=== ABOUT THIS EXERCISE ===
Print the lines of the data, starting with the first, up to and including the line where "ElinaPantsoff webcam" appears.
==== MATERIAL PROVIDED ====
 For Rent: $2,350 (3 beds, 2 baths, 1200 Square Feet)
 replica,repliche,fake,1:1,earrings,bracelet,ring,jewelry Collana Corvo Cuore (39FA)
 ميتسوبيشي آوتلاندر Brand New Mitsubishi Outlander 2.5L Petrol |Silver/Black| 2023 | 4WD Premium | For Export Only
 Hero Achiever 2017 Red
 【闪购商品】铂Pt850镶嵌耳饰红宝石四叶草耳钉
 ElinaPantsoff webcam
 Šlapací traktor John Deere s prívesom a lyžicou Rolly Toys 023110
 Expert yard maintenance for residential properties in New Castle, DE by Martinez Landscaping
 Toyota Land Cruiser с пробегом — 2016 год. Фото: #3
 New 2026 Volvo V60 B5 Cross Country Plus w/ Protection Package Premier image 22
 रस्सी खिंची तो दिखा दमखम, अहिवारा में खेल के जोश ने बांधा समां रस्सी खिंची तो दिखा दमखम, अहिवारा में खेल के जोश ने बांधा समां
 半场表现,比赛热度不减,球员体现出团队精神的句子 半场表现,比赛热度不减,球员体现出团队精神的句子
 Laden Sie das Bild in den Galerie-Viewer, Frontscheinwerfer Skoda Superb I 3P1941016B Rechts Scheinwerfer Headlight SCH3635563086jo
====
=== EXPECTED ANSWER ===
 For Rent: $2,350 (3 beds, 2 baths, 1200 Square Feet)
 replica,repliche,fake,1:1,earrings,bracelet,ring,jewelry Collana Corvo Cuore (39FA)
 ميتسوبيشي آوتلاندر Brand New Mitsubishi Outlander 2.5L Petrol |Silver/Black| 2023 | 4WD Premium | For Export Only
 Hero Achiever 2017 Red
 【闪购商品】铂Pt850镶嵌耳饰红宝石四叶草耳钉
 ElinaPantsoff webcam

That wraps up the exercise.